X-Git-Url: https://www.fi.muni.cz/~kas/git//home/kas/public_html/git/?a=blobdiff_plain;f=yenya-detailed.tex;fp=yenya-detailed.tex;h=3615ab9b45e364f79d2562566d9488569701ab40;hb=fb012b2add74c5aeee11754a3ae6df1394bfee25;hp=0000000000000000000000000000000000000000;hpb=75de68e9bb081ce2167cc2fc8aa4ae63b45764b4;p=pan12-paper.git

diff --git a/yenya-detailed.tex b/yenya-detailed.tex
new file mode 100644
index 0000000..3615ab9
--- /dev/null
+++ b/yenya-detailed.tex
@@ -0,0 +1,150 @@
+\section{Detailed Document Comparison}
+
+\subsection{General Approach}
+
+The approach Masaryk University team has used in PAN 2012 Plagiarism
+detection---detailed comparison sub-task is based on the same approach
+that we have used in PAN 2010 \cite{Kasprzak2010}.  This time, we have
+used a similar approach, enhanced by several means
+
+The algorithm evaluates the document pair in several stages:
+
+\begin{itemize}
+\item intrinsic plagiarism detection
+\item language detection of the source document
+\begin{itemize}
+\item cross-lingual plagiarism detection, if the source document is not in English
+\end{itemize}
+\item detecting intervals with common features
+\item post-processing phase, mainly serves for merging the nearby common intervals
+\end{itemize}
+
+\subsection{Intrinsic plagiarism detection}
+
+Our approach is based on character $n$-gram profiles of the interval of
+the fixed size (in terms of $n$-grams), and their differences to the
+profile of the whole document \cite{pan09stamatatos}. We have further
+enhanced the approach with using gaussian smoothing of the style-change
+function \cite{Kasprzak2010}.
+
+For PAN 2012, we have experimented with using 1-, 2-, and 3-grams instead
+of only 3-grams, and using the different measure of the difference between
+the n-gram profiles. We have used an approach similar to \cite{ngram},
+where we have compute the profile as an ordered set of 400 most-frequent
+$n$-grams in a given text (the whole document or a partial window). Apart
+from ordering the set we have ignored the actual number of occurrences
+of a given $n$-gram altogether, and used the value inveresly
+proportional to the $n$-gram order in the profile, in accordance with
+the Zipf's law \cite{zipf1935psycho}.
+
+This approach has provided more stable style-change function than
+than the one proposed in \cite{pan09stamatatos}. Because of pair-wise
+nature of the detailed comparison sub-task, we couldn't use the results
+of the intrinsic detection immediately, so we wanted to use them
+as hints to the external detection.
+
+\subsection{Cross-lingual detection}
+
+%For language detection, we used the $n$-gram based categorization \cite{ngram}.
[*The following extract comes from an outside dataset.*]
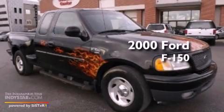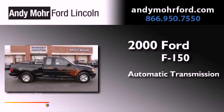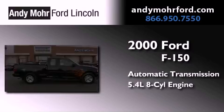This is a 2000 Ford F-150. This truck has an automatic transmission and a 5.4 liter V8.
+%We have computed the language profiles from the source documents of the
+%training corpus (using the annotations from the corpus itself). The result
+%of this approach was better than using the stopwords-based detection we have
+%used in PAN 2010. However, there were still mis-detected documents,
+%mainly the long lists of surnames and other tabular data. We have added
+%an ad-hoc fix, where for documents having their profile too distant from all of
+%English, German, and Spanish profiles, we have declared them to be in English.
+
+For cross-lingual plagiarism detection, our aim was to use the public
+interface to Google translate if possible, and use the resulting document
+as the source for standard intra-lingual detector.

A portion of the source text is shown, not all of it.